Helen Ghosh: Oh, we will come on to that.
Q25 Mark Reckless: I am a little confused. You said it wasn’t for the Home Office to set targets for the Government but then you referred to this £180 to 200 million.
Helen Ghosh: Which is an estimate for what we think might be achievable. When we had considered, as of course we did in the course of the SR10, what were achievable levels of reductions in terms of the impact on policing, clearly we had some figures in our mind. In terms of what we think is a reasonable estimate of what could be saved from better procurement, more collaborative procurement, the kind of things we have done through our new framework agreements, we think that is something in the order of £200 million overall, and perhaps £80 million savings out of how you procure IT are possible.
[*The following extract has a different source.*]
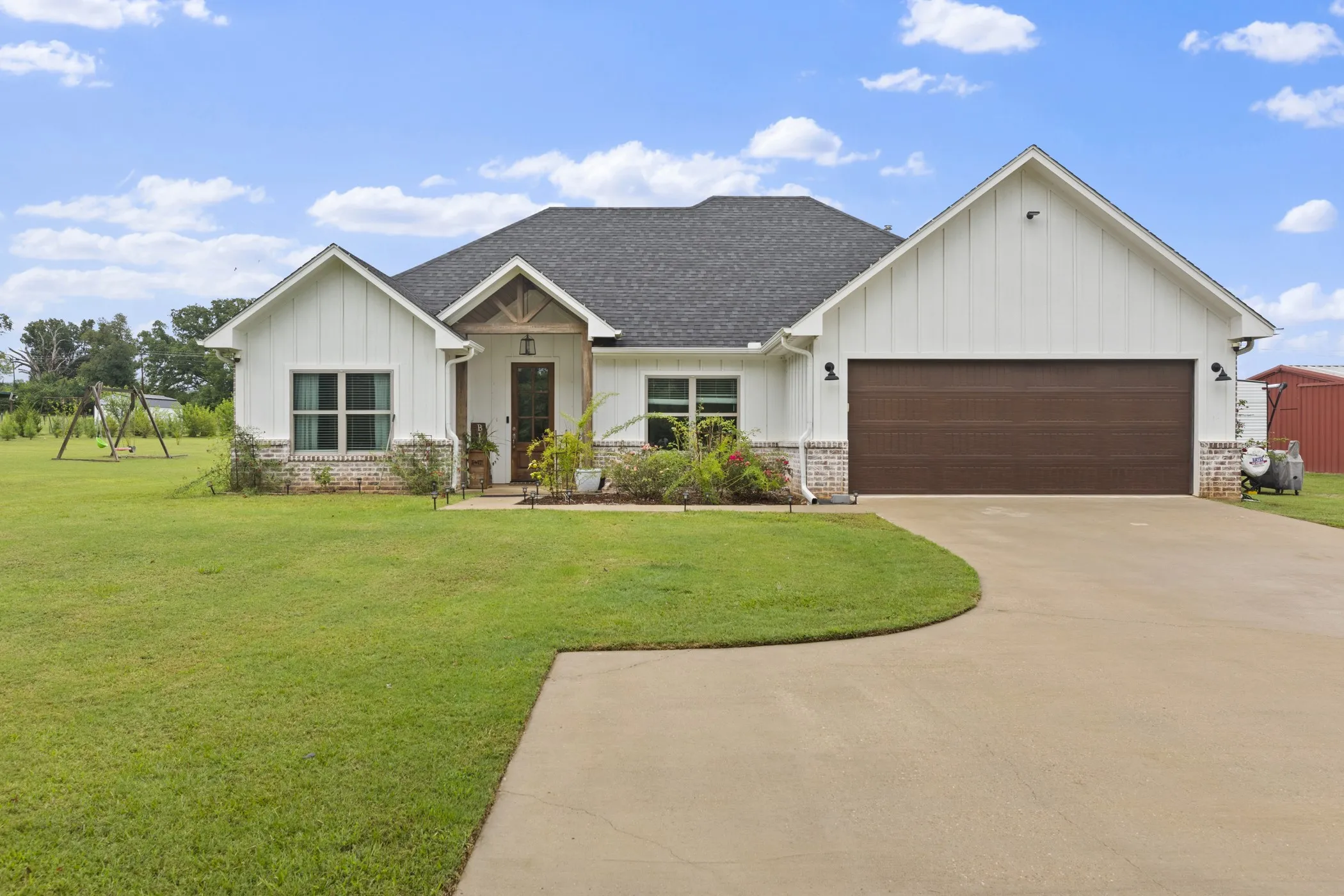 Single Family Residence For Sale in Smith County , 22477 County Road 2166, Troup, Texas 75789, 4 Bedroom, 2 Bathroom, 2 Garage spaces, 1,829 Sqft, built in 2022, mls#21364944, Real Estate Agent in Troup, Homes For Sale in Smith county, Homes For Sale in Troup, Realtor in Troup Texas, Real Estate Brokerage Independent Realty Texas, Luminita Cordes Realtor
So that is the kind of figures we have in our head in terms of what can be achieved.
Q26 Mark Reckless: You refer to more collaborative procurement, and here I should declare an interest as a member of the Kent Police Authority. There have historically been two different approaches to procurement, either attempting to have a national template and require forces to do that, which seems to have had limited progress and it has been difficult to get agreement on, or allowing the sort of people-for instance, in my case Kent and Essex-
Helen Ghosh: To get together.
Mark Reckless: -to get together with their single procurement Department and doing a lot of things together. Can there not be a tension between that approach, and where does the Home Office come down on whether we should be looking for bottom up collaboration or there should be more mandating of central standards?
Helen Ghosh: Yes. As you will have seen, effectively at the moment we have a mixed approach where, with some specific items under our new framework regulations, cars being one, IT-some are hardware and some are software-and body armour. It is also to enable forces to use the frameworks without threat of breaking procurement rules. We have effectively mandated the use of those frameworks.
Beyond that, as I say, we are proposing to take the NPIA broader procurement collaborative work into the Home Office. We have already started work through the event that I think the Chairman asked Ministers about, to get suppliers and forces together in a room so we are being facilitative.
Q27 Chair: Have you done that yet?
Helen Ghosh: Yes, that meeting has happened and I think you have asked a parliamentary question about it.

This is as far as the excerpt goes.